These interactions were caught on video. The officers can be heard saying things like, “This ain’t Canada right now” and “There’s no civil rights here in this area.” The video also shows numerous other persons passing through unimpeded.
The Applicant returned home, abandoning his plans to demonstrate.
The Applicant sought a declaration that the police officers violated his rights under the Canadian Charter of Rights and Freedoms (the “Charter”), specifically, under s. 2(b) (freedom of expression), s. 2(c) (freedom of assembly) and s. 7 (liberty). The Applicant also sought a declaration that one of the officers committed battery by grabbing and pushing him.
The officer who grabbed the Applicant deposed that he and his team would stop anyone who looked like a demonstrator and demand that they submit to a search to ensure that they did not have any weapons. On cross-examination, he agreed that they were not instructed to adopt this tactic. There was no evidence that any other officers were also adopting this initiative.
The parties agreed that the officers had no statutory authority to demand that the Applicant consent to a search of his bag as a precondition to walk down a public street in the direction of his choosing.
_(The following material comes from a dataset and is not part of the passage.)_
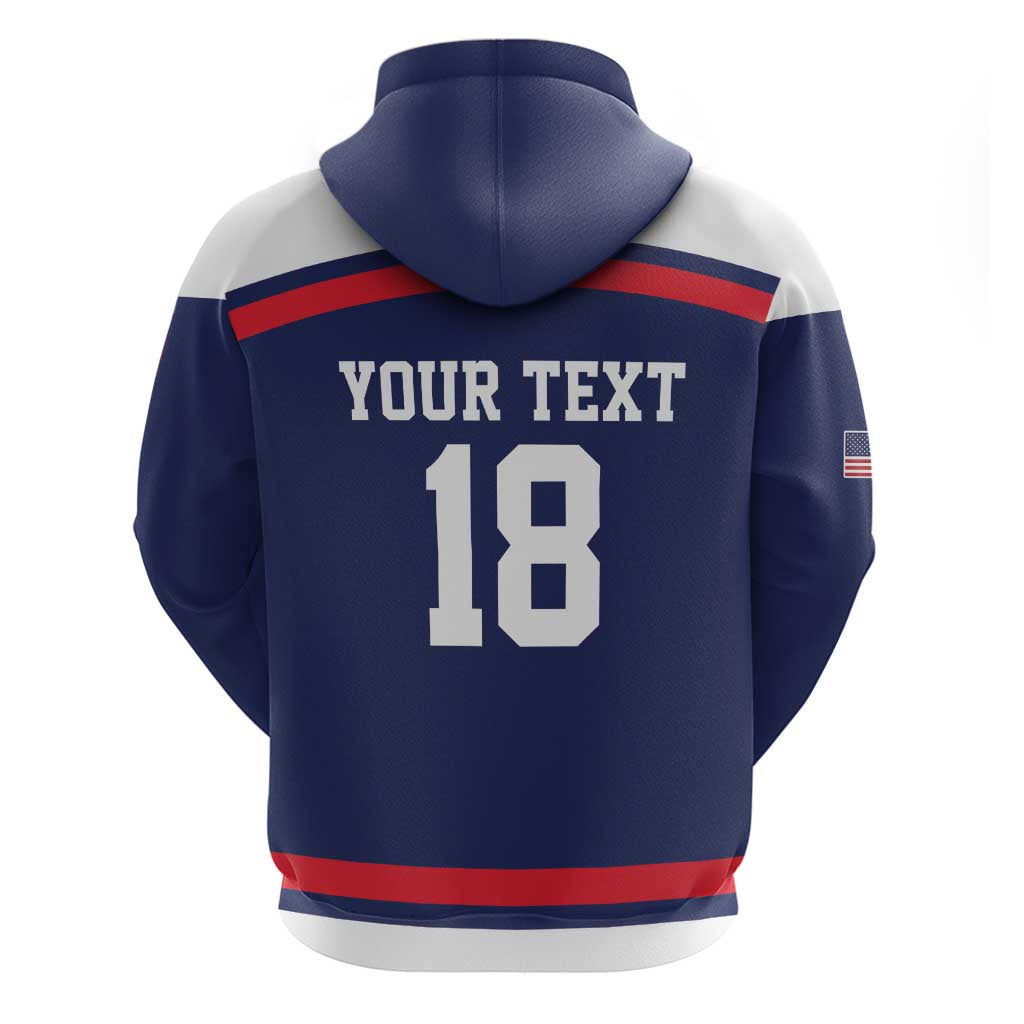 USA Ice Hockey Custom Zip Hoodie American Eagle Spirit Blue Version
Therefore, the question before the application judge was whether the officers’ actions were authorized under the common law ancillary powers doctrine set out in R. v. Waterfield and resulting Canadian jurisprudence. If so, the parties agreed that the Applicant’s Charter rights could not have been breached.
The application judge dismissed the application, holding that the officers’ conduct was authorized under Waterfield. He analogized the exercise of these powers with the mandatory searches at courthouses or airports. The officers’ conduct in singling out demonstrators only made the interventions minimally intrusive, rather than making them an abuse of authority. With regards to the alleged battery, the application judge held that it was de minimis and authorized under section 25 of the Criminal Code (the “Code”), which permits a peace officer in the course of duty to use “as much force as is necessary,” provided that the officer acts on reasonable grounds and that the actions taken are authorized by law.
Having found the police conduct to be lawful, the application judge held that there could be no violation of the Applicant’s Charter rights.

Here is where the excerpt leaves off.